I have a C# multi-threaded app with a bunch of worker threads in different pools all calling this function to update a textbox in a WinForms app.
It has a very subtle bug (or maybe not if you know what you are doing) that results in an Out-Of-Memory exception over a long period of time (I think because the stack never gets to unroll, but I'm not sure).
What is the correct way to update a textbox from any thread in my app without encountering this issue?
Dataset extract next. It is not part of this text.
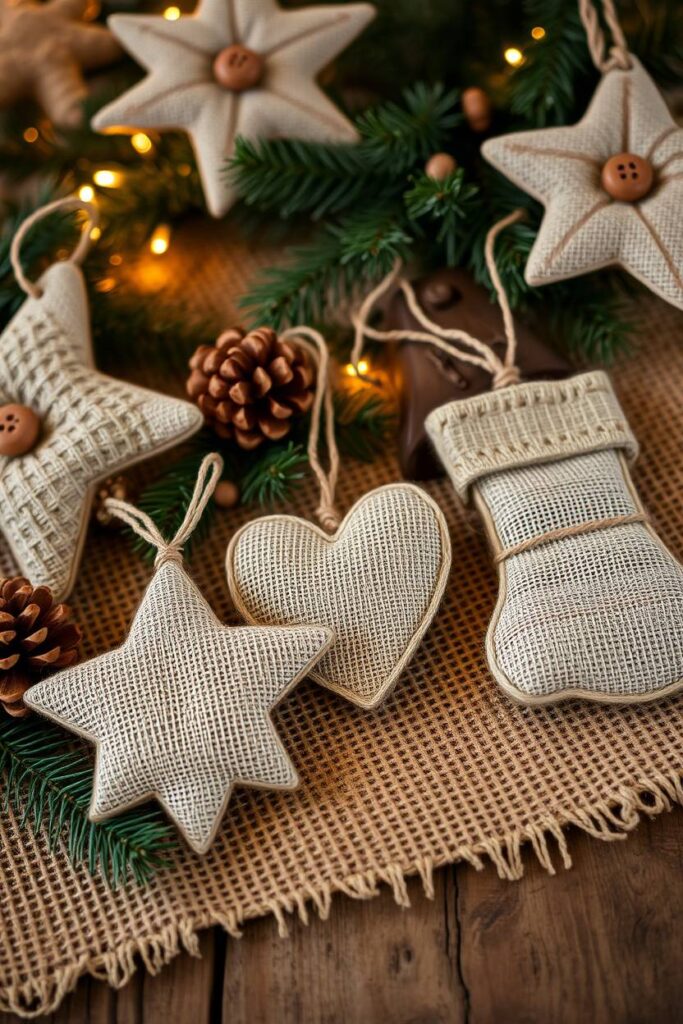 Burlap and Twine Ornaments
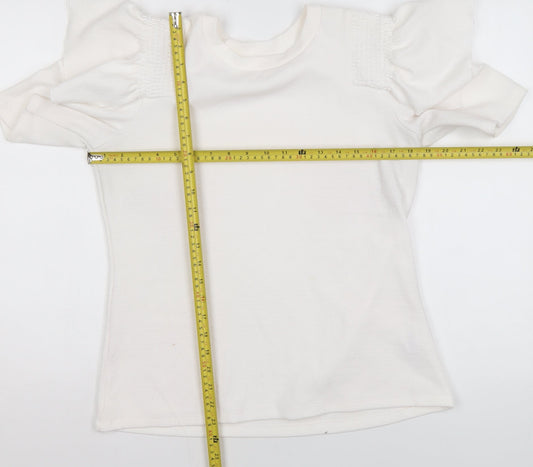 Savida Women's Ivory Puff Sleeve T-Shirt Size 12 Regular Fit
The root problem is Application.DoEvents, but I don't know how to force a GUI update without it (if I take it out, the GUI never updates).
Ideally the solution would be a function that I can call from any thread that just does the right thing.
private void WriteStatus(string s)
{
if (textBoxStatus.InvokeRequired)
{
textBoxStatus.Invoke(new Action<string>(WriteStatus), new object[] { s });
}
else
{
StringBuilder sb = new StringBuilder(s + Environment.NewLine);
sb.Append(textBoxStatus.Text.Substring(0, textBoxStatus.Text.Length > 40000 ? 40000 : textBoxStatus.Text.Length));
textBoxStatus.Text = sb.ToString();
// don't call DoEvents more than once a second - this prevents stack over flow from frequent updates
if (DateTime.Now - lastGUIUpdate > TimeSpan.FromSeconds(1))
{
Application.DoEvents();
lastGUIUpdate = DateTime.Now;
}
}
}
I've looked at other SO solutions for this problem, but they seem to ignore the Application.DoEvents step. How are they forcing their GUI to update in this circumstance? In my app commenting this line out fixes my memory problems, but my textbox never updates.